| WORK INSTRUCTION |
Wherever a picture appears in the listing, leave it out, and copy the rest exactly.

| INPUT DATA |
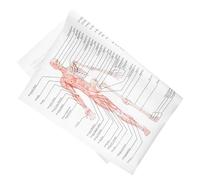 BAZEITFLOW Human Anatomy Poster Skeletal Muscle Teaching Chart Silk Cloth Body Structure Painting for Medical Education Office Classroom Display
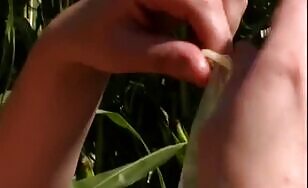 Woman Craps in Corn Field - 11:33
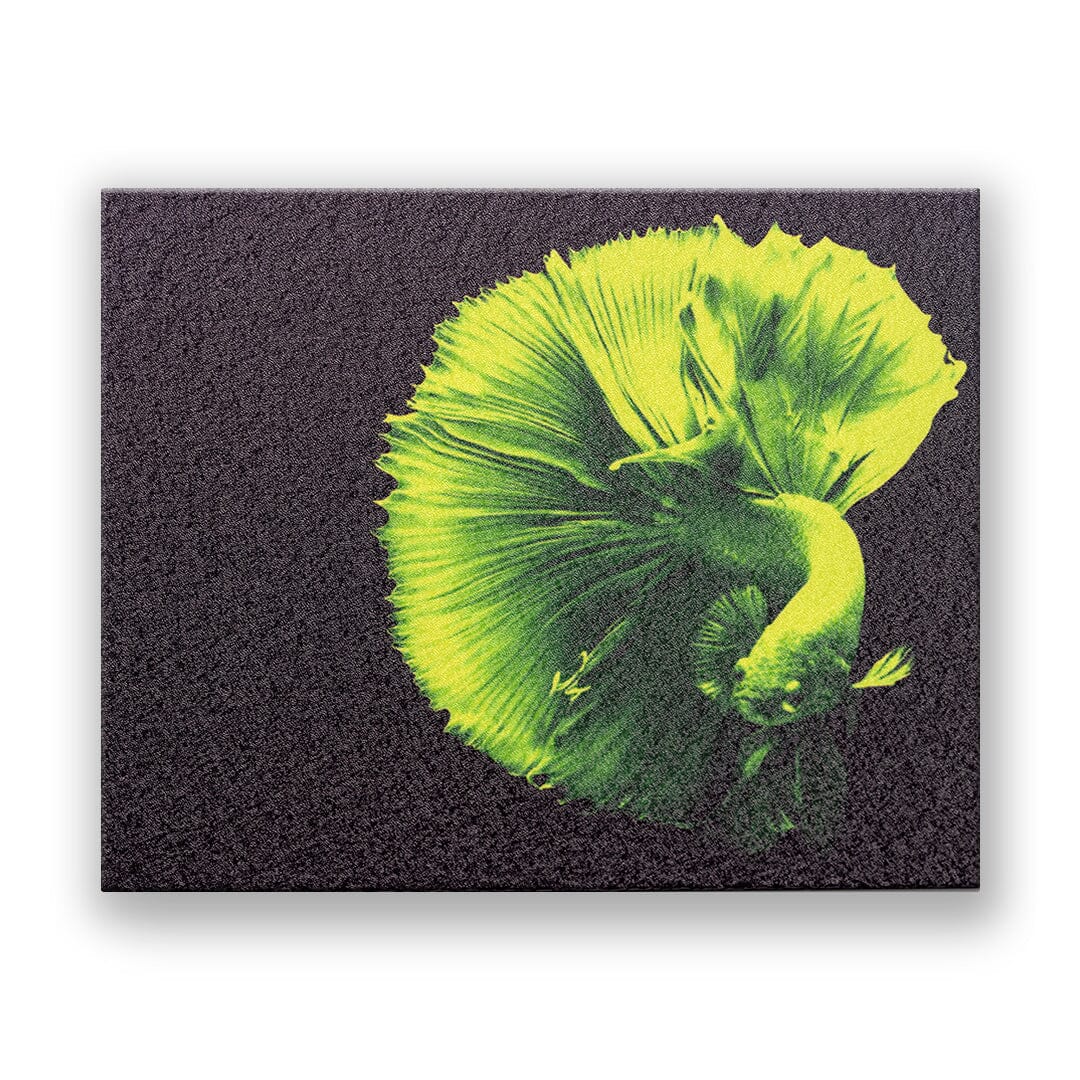 Duraluxe Sample Pack - Printed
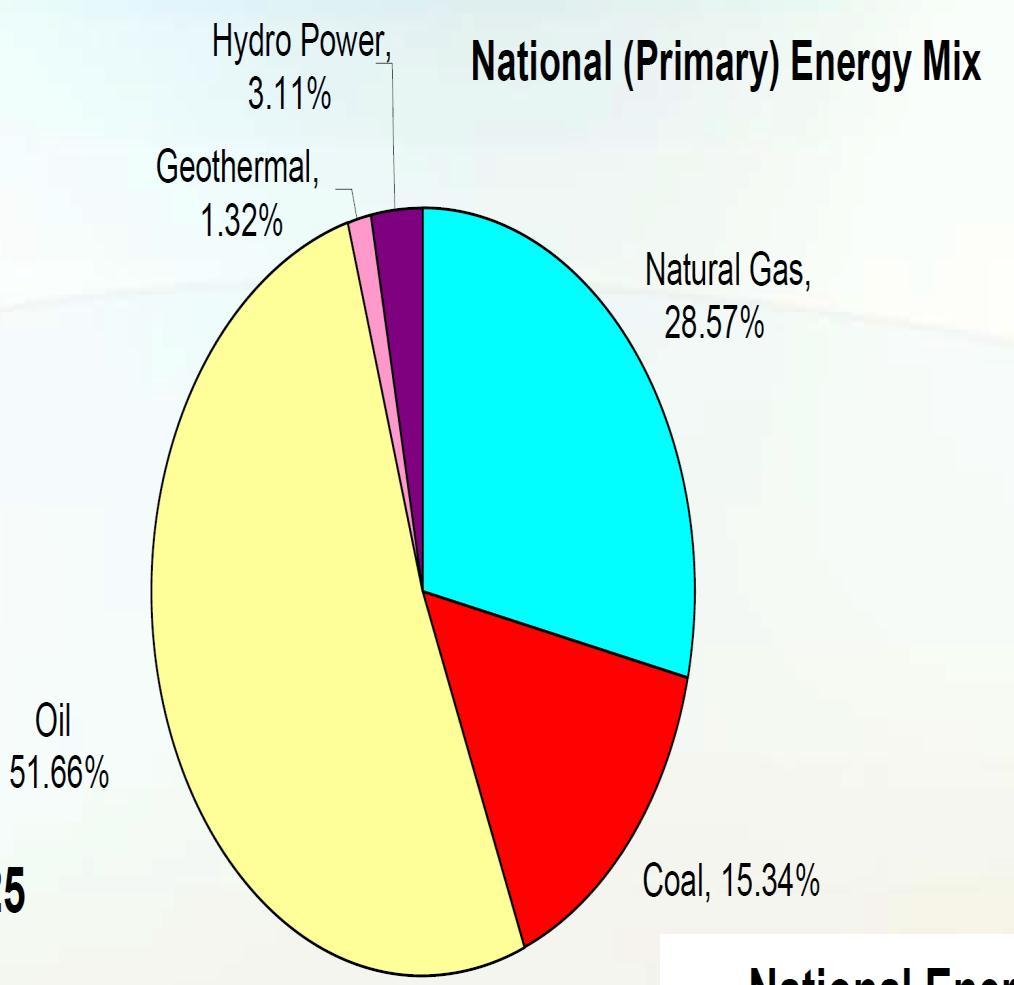 NATIONAL ENERGY MIX 2006 NATIONAL ENERGY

| WRITTEN ANSWER |
 BAZEITFLOW Human Anatomy Poster Skeletal Muscle Teaching Chart Silk Cloth Body Structure Painting for Medical Education Office Classroom Display
 Woman Craps in Corn Field - 11:33
 Duraluxe Sample Pack - Printed
 NATIONAL ENERGY MIX 2006 NATIONAL ENERGY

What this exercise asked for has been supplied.